(Closed) Co-Workers Invite to Shower?

posted 6 years ago in Etiquette
Post # 3
4824 posts
Honey bee

Simply put. No

If they want to throw you an at-work shower let them. It may be a surprise. But do not invite them to a shower and not the wedding.

If you cant invite them all (to the wedding), and you think they would all come, then you may want to consider only inviting your boss or no one. Its easier to understand budget problems than it is to explain favoritism.

Post # 4
46256 posts
Honey Beekeeper
  • Wedding: November 1999

We have showers at work all the time for colleagues, but I don`t think they  should be invited to external showers unless they are also invited to the wedding.

Post # 6
637 posts
Busy bee
  • Wedding: July 2014

I say if you are not inviting them to wedding, it’s best to keep their involvement in “wedding related activities” to the minimum.

I think it’s safe to assume if I get invited to shower, I am invited to wedding.  If you are friends with them, you can casually dropping hints the wedding is going to be very small and just with family and close friends.  Fiance and you decided to not invite coworkers anymore as the venue can handle the headcount. 

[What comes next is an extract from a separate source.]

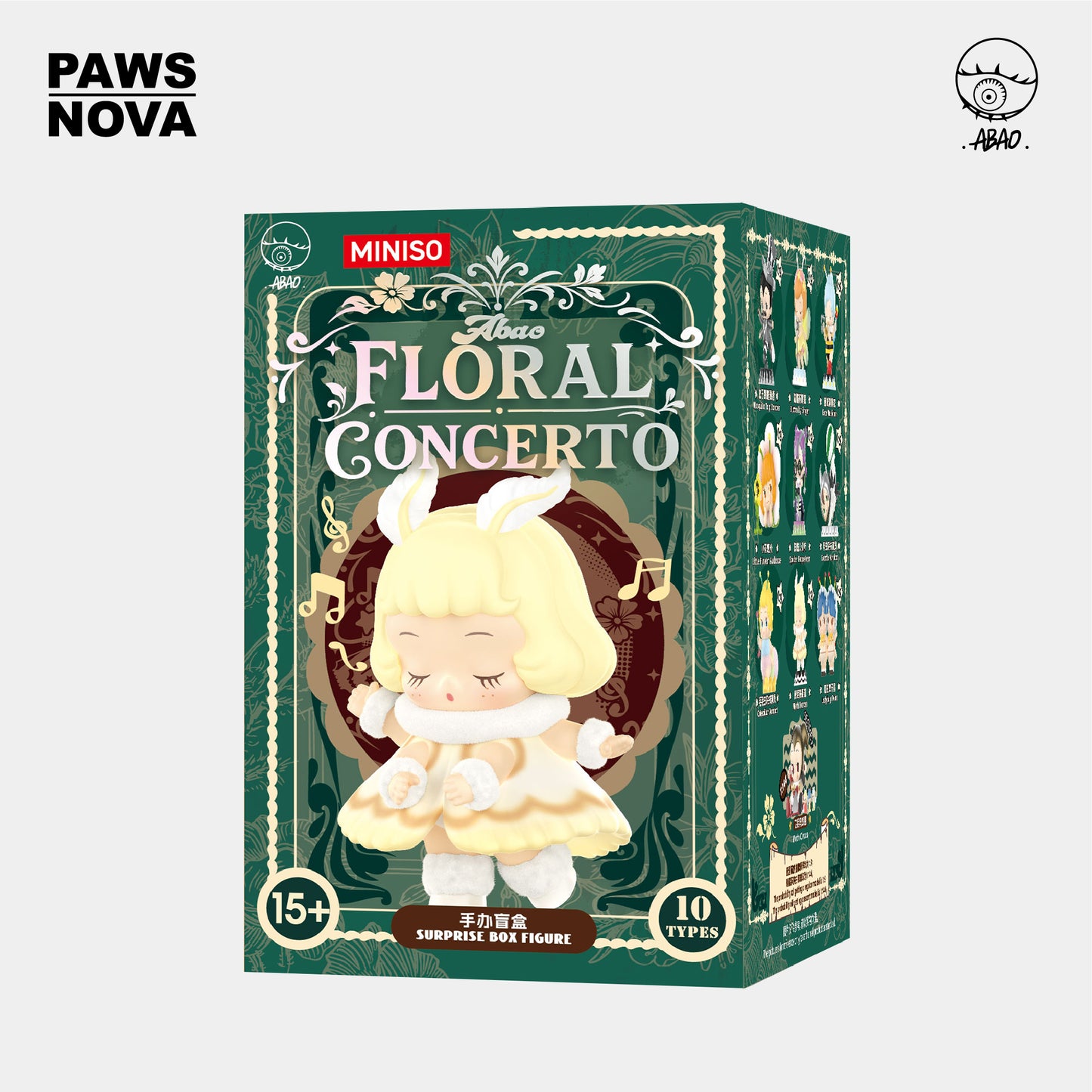 ABAO FLORAL CONCERTO SERIES SURPRISE BOX FIGURE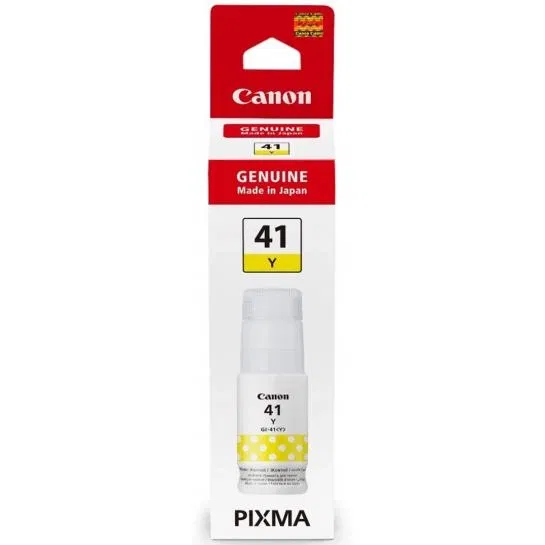 Cerneala pentru imprimate - Cerneală Canon Original GI-41 Yellow, 70ml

If they feel like they still need to throw you a shower at work, they will.  Otherwise, I will just leave it.  No reason to keep their hopes up right?

Post # 7
2775 posts
Sugar bee
  • Wedding: April 2010

Absolutely do not invite your coworkers to a shower (or any other pre-wedding event) if they are not going to be invited to the wedding.

As PP said, if they take it upon themselves to throw you a workplace shower, that’s a different situation.  Workplace showers (held at work and only including people from work) are the ONLY exception to the rule that shower guests need to be a subset of the wedding guests.

Post # 8
1375 posts
Bumble bee
  • Wedding: September 2012

The only people who should be invited to pre-wedding parties must also be invited to the wedding.  IF they decide to throw you a work shower, that is one thing because those are generally accepted as being ok, even if the co-workers are not invited to the wedding.  But do not invite them to a separate shower.